AIM OF THE EXERCISE: Repeat the listing below word for word, stopping after the line that contains "Two hockey players".

DATA FOR REVIEW:
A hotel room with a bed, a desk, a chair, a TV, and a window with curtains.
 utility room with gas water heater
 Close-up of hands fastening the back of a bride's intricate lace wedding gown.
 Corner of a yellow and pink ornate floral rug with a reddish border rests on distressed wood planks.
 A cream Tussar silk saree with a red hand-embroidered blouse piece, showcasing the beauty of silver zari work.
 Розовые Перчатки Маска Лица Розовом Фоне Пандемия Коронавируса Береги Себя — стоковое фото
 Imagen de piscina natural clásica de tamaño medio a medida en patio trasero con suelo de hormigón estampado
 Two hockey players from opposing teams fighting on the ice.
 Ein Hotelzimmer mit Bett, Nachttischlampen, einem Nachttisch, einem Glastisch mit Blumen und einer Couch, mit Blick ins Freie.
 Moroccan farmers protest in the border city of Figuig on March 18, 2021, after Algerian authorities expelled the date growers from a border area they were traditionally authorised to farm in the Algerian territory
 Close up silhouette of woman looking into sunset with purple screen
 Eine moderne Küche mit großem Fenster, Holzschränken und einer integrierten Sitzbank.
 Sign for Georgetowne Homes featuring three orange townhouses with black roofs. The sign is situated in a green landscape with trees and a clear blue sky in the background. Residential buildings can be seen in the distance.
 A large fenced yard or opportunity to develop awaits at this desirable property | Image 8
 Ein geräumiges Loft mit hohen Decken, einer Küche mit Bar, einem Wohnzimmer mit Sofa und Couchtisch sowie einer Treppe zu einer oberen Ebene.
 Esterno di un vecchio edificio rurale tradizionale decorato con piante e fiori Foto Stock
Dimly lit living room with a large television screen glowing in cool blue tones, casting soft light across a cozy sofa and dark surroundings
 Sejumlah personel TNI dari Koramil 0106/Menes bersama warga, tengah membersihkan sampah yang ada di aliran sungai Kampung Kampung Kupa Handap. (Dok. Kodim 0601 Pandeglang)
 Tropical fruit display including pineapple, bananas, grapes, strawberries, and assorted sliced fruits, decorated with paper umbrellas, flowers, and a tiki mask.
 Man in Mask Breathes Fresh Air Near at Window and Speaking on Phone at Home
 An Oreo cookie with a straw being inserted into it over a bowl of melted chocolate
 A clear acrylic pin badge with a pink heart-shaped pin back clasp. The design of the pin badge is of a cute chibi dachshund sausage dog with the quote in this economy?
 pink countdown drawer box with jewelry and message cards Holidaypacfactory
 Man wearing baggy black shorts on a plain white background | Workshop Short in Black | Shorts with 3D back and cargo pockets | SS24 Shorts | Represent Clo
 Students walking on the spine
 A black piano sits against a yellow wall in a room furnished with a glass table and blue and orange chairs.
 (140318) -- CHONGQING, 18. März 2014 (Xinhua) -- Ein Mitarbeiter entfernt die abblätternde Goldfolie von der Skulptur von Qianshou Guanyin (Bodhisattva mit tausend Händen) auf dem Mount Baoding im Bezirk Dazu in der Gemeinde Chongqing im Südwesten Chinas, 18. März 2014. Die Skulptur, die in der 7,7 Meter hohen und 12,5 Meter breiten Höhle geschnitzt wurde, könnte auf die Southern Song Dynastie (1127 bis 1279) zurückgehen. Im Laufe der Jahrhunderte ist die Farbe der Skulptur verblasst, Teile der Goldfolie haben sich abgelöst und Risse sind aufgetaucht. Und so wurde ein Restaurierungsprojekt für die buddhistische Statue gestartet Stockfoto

EXERCISE ANSWER:
A hotel room with a bed, a desk, a chair, a TV, and a window with curtains.
 utility room with gas water heater
 Close-up of hands fastening the back of a bride's intricate lace wedding gown.
 Corner of a yellow and pink ornate floral rug with a reddish border rests on distressed wood planks.
 A cream Tussar silk saree with a red hand-embroidered blouse piece, showcasing the beauty of silver zari work.
 Розовые Перчатки Маска Лица Розовом Фоне Пандемия Коронавируса Береги Себя — стоковое фото
 Imagen de piscina natural clásica de tamaño medio a medida en patio trasero con suelo de hormigón estampado
 Two hockey players from opposing teams fighting on the ice.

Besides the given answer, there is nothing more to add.